Hollywood was stunned to wake up on Tuesday, September 16 to confirmation that Robert Redford, star of All the President’s Men, The Sting, and Butch Cassidy and the Sundance Kid, has passed away. News of Redford’s death was confirmed to The New York Times who noted that no official cause of death had been confirmed. Cindi Berger of Rogers & Cowan PMK agency announced that Redford died in his sleep while “at his home in Utah.” He was 89.
Born in Santa Monica, California, Charles Robert Redford Jr., like many actors of his era, got his start on television, appearing on western shows like Maverick and The Deputy, plus staples of the era The Twilight Zone and Alfred Hitchcock Presents. After transitioning into feature film work, his first the 1962 war movie, War Hunt, it didn’t take long for Redford to make a splash in Hollywood. In 1966 he starred alongside Marlon Brando and Jane Fonda in The Chase, which arrived just three years before his breakout role in Butch Cassidy and the Sundance Kid. The 1969 crime movie would go on to win four Academy Awards and be nominated for Best Picture, and years later become the namesake for the Redford-founded Sundance Institute.
Redford’s career was truly just beginning after the arrival of Butch Cassidy and the Sundance Kid though as the years that follow would see him star in Jeremiah Johnson (an adventure film you’ve almost certainly seen in modern memes), The Candidate, and even a feature film adaptation of The Great Gatsby in the title role. The same era however would also become the point when Redford’s career solidified and he starred in the roles that would define him.
After being nominated for an Academy Award for Best Lead Actor in The Sting, Redford’s following projects would take a darker turn. Starting with 1975’s Three Days of the Condor and continuing in 1976’s All the President’s Men, Redford solidified his status as a leading man by proving his range. Those two political thrillers would not only become foundational movies of the decade, but two of Redford’s biggest. Furthermore they would pave the way for Redford’s eventual arrival in the Marvel Cinematic Universe, perhaps a place that younger fans know him from the best.
Dramatic and tense thrillers were just one piece of the larger Redford puzzle however, with the actor blazing new trails for himself in the 1980s by starring in films like The Natural and Out of Africa, plus winning his only Academy Award for directing 1980’s Ordinary People. This decade would also become the point when his Sundance Institute would take over managing the US Film Festival in Park City, Utah, renaming it the Sundance Film Festival. Redford’s commitment to fostering new voices and spotlighting independent filmmakers through the institute and film festival would prove to be one of his biggest lasting legacies. Sundance became a notable springboard for the start of many careers in Hollywood including Steven Soderbergh, Quentin Tarantino, Robert Rodriguez, Ryan Coogler, Ava DuVernay, and more.

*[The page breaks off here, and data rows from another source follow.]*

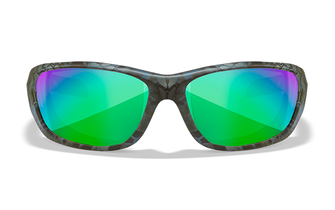 WILEY X GRAVITY πολωτικά γυαλιά ηλίου, πράσινο καθρέφτη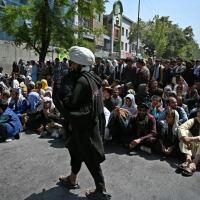 Taliban Warn US, EU Of Refugees If Afghan Sanctions Continue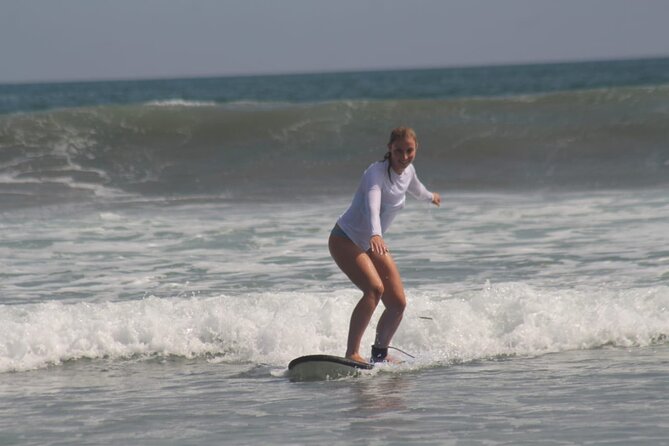 Private Beginner 1 on 1 Surf Lesson at Kuta Beach - Photos, beach time, and the end of the lesson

Though Redford would continue to direct and act throughout the 2000s, appearing alongside Brad Pitt in Spy Game and directing Will Smith in The Legend of Bagger Vance, there’s one role that may have been some younger fans’ first exposure to Redford. 2014’s Captain America: The Winter Soldier not only thrust Chris Evans’ WWII era into the modern era, but sent him from a classic war movie to a modern political thriller. At the center of that was Redford as Alexander Pierce, secretary of the World Security Council but secretly leading HYDRA’s infiltration into SHIELD and even wielding The Winter Soldier himself as a weapon. Redford’s landmark roles in Three Days of the Condor and All the President’s Men were key reason he was chosen for the part because of the similar tones across the films, which they shared with The Winter Soldier.
In 2019, five years after his initial appearance, Redford reprised his role for a brief cameo in Avengers: Endgame. His time on screen came during a sequence where the Avengers have traveled back to 2012 and the events of their first movie, revealing how Redford’s character fit into the bigger scope of the MCU and was present before his first actual appearance.
This is a developing story, it will be updated.